### [Work required]
Repeat what the lines below say, word for word, and skip every image.

### [Dataset section]
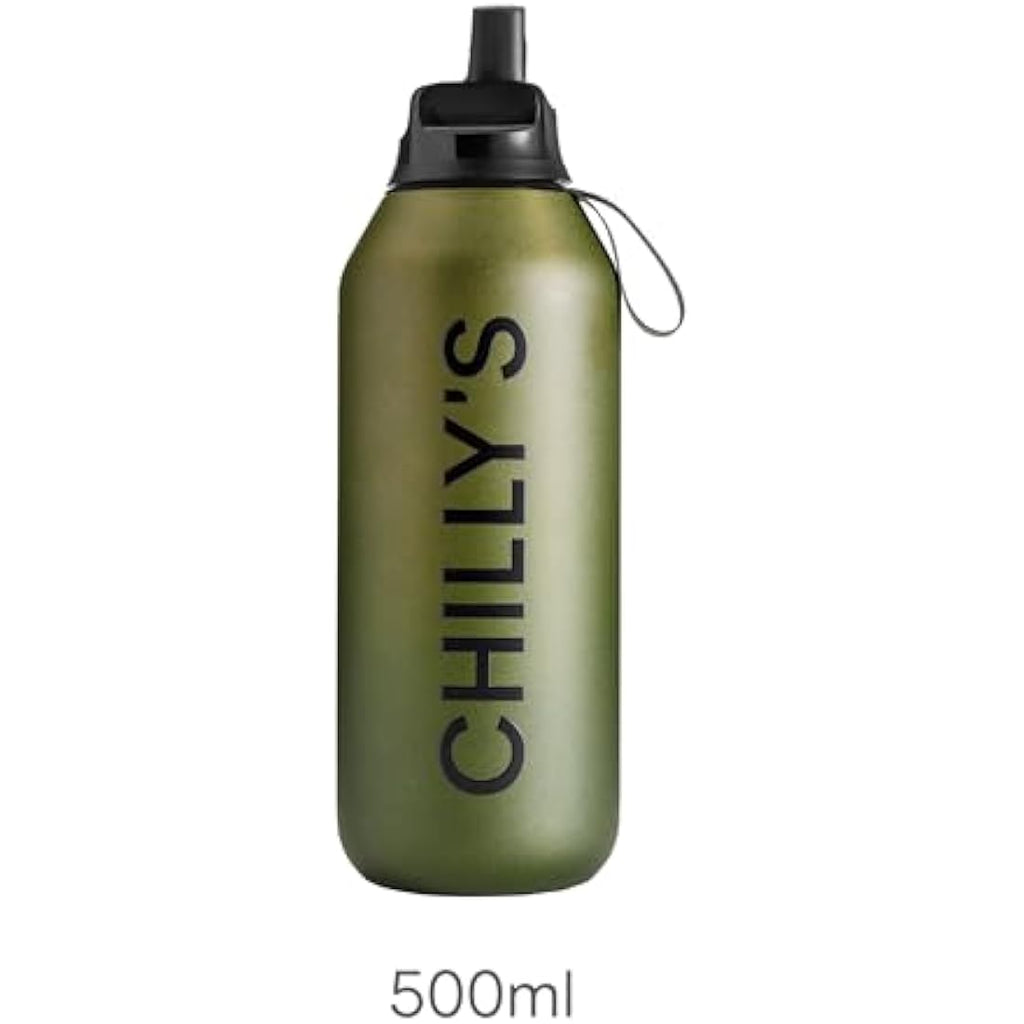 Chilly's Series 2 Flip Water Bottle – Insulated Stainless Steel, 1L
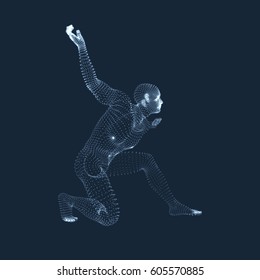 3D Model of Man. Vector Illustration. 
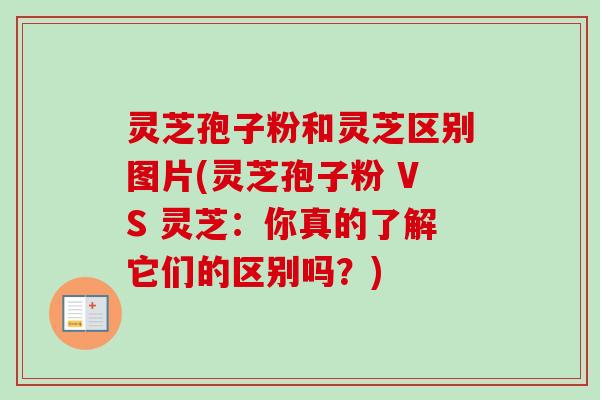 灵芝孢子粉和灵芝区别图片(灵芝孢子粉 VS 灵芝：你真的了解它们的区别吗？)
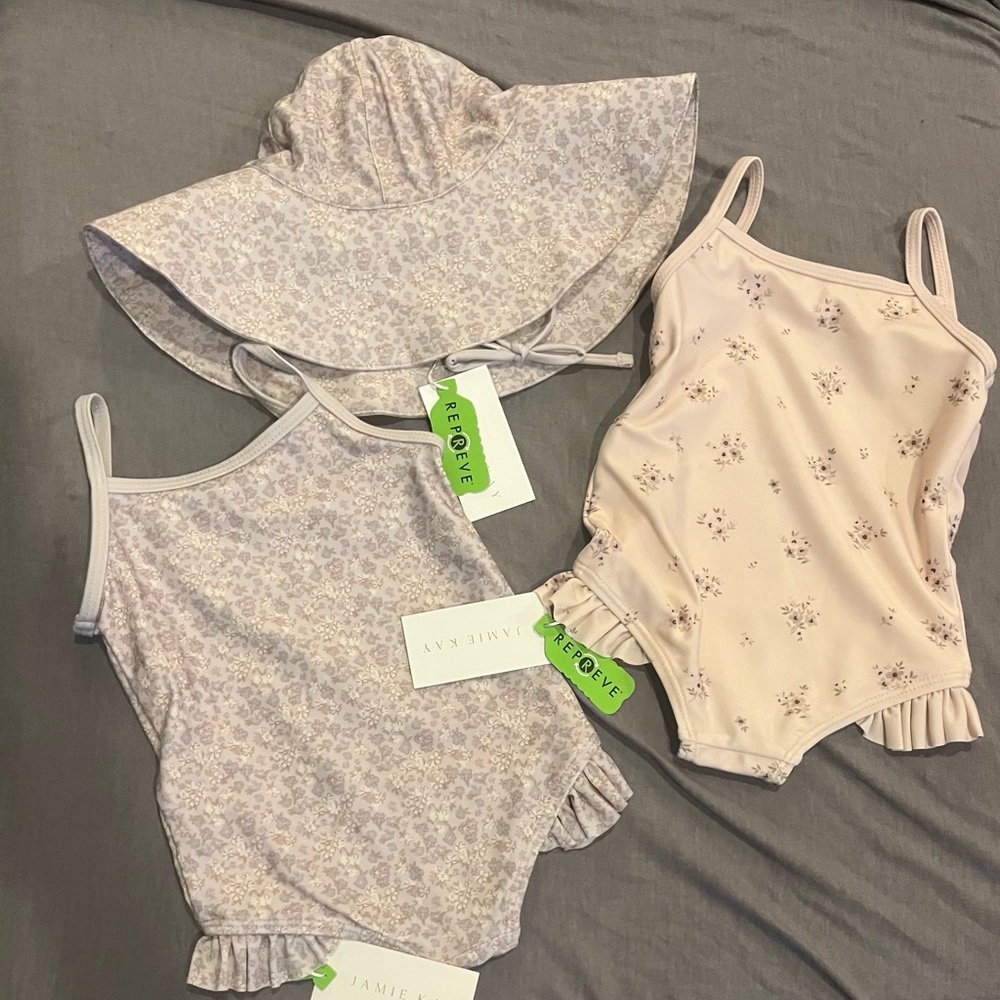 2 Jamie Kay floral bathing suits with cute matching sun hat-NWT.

### [Solution to this task]
 Chilly's Series 2 Flip Water Bottle – Insulated Stainless Steel, 1L
 3D Model of Man. Vector Illustration. 
 灵芝孢子粉和灵芝区别图片(灵芝孢子粉 VS 灵芝：你真的了解它们的区别吗？)
 2 Jamie Kay floral bathing suits with cute matching sun hat-NWT.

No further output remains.